I know this has been done by others, but I've had this kicking around for a while and figured it was worth posting in case anyone else is interested in it. It's in a pretty rough state, so forgive it its roughness.

Most of the system is the same as standard FATE (or my take on it, anyway), with a few differences.

A character's skills, personality, weaknesses, and etc. are represented by his aspects. Each character has 10 aspects, rated between 2 and 5: four at 2, three at 3, two at 4, and one at 5. The higher the rating, the better the aspect.

When you use an aspect, you roll a number of six-sided dice equal to its rating. This use of an aspect is called tagging. Every die that comes up even is a point. You'll always be rolling against a target number, either a static one determined by the GM or another character's point total from an aspect roll. Every point you score in excess of your target number is a shift.

The first aspect you tag in an exchange -- your primary aspect -- is called your lead, or your leading aspect. After rolling your lead, you can supplement it by spending a Fate Point and tagging an additional aspect. This additional aspect is called a twist. Add any points gained from twists to the points gained from your lead. You can keep adding twists as long as you have aspects to tag and Fate Points to pay for them. A twist always costs a Fate Point, even if the aspect being tagged hasn't been used in the scene yet. Any aspect can be a lead, including scene aspects or another character's aspects or consequences (but not your own consequences).

For example, Christian is in a duel with his brother Henri. For his lead, his player chooses Christian's Good-rated aspect "Rivalry with Henri," and rolls 4d6. This only gives him 2 points, so the player decides to spend a Fate Point to tag "Finely Crafted Rapier" for another 2d6.

All aspects start off open in a scene, or able to be used at no cost. Once you use an aspect in an scene, it becomes locked. Locked aspects require a Fate Point to unlock, or use again in a scene. Each aspect can only be used once per exchange.

If all of a twist's dice yield points, an aspect of the roller's choice is unlocked. This could be a personal aspect, a scene aspect, or even another character's personal aspect. It could also be a consequence, if we're being liberal with the definition of "aspect." And we are!

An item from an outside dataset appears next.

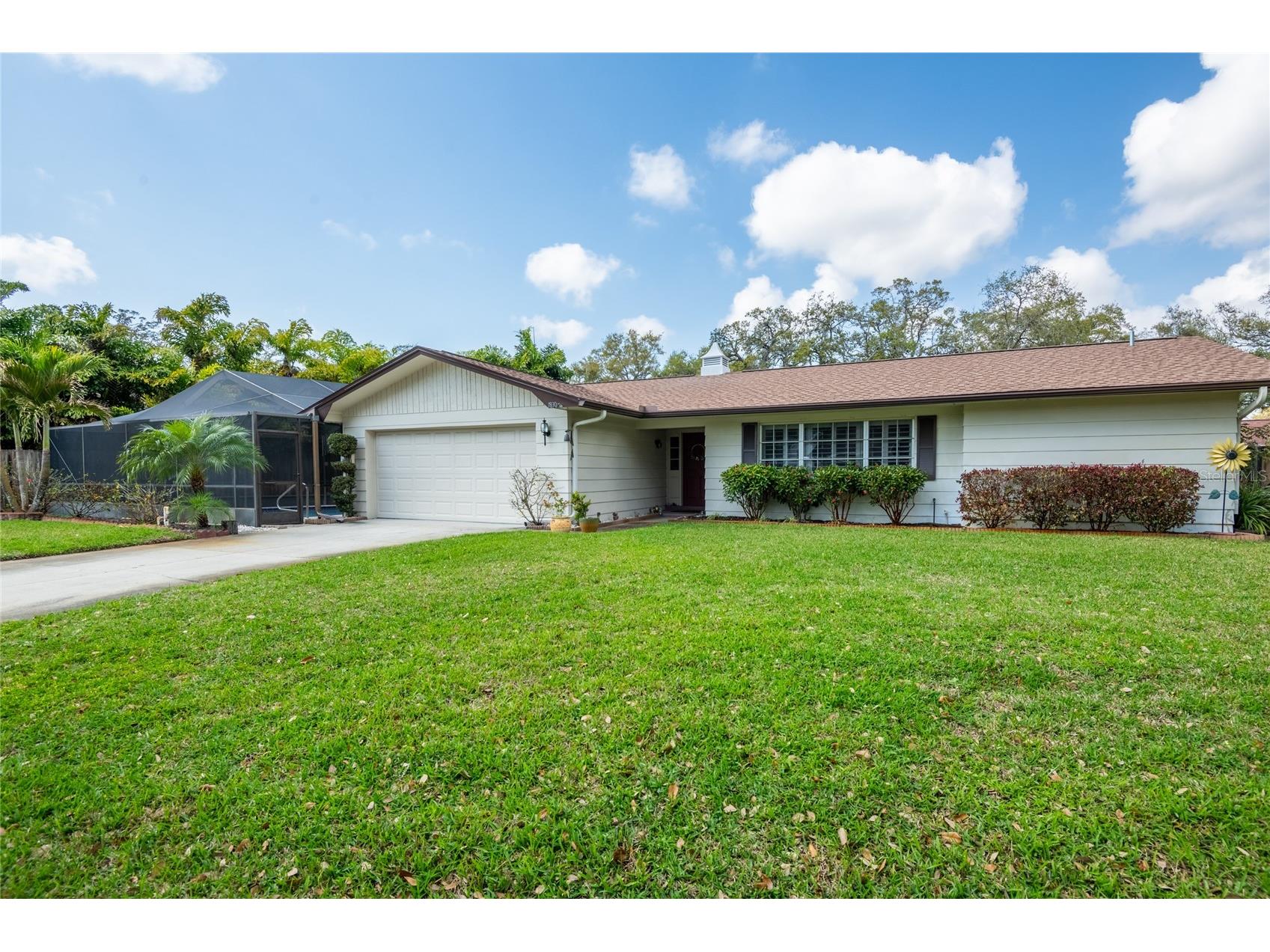 1830 Oak Forest Drive S Clearwater FL 33759 TB8464960 image2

Aspects can be compelled, as per usual in FATE.

Aspects belonging to another character, an item, or a scene can be tagged with a Fate Point, and are created in the usual ways. Scene aspects are worth a number of dice equal to the shifts generated when creating them, to a maximum of the rating of the leading aspect used in their creation. Other characters' aspects are worth a number of dice equal to their rating. Aspects created arbitrarily, such as scene aspects created by the GM, are worth 3 dice.

A character can take a Minor, Moderate, and Severe consequence of each type available in the game (physical, mental, and social). Some games will have all three; some games won't. Tagging a Minor consequence is worth 2 dice, tagging a Moderate is worth 3, and tagging a Severe consequence yields 4 dice.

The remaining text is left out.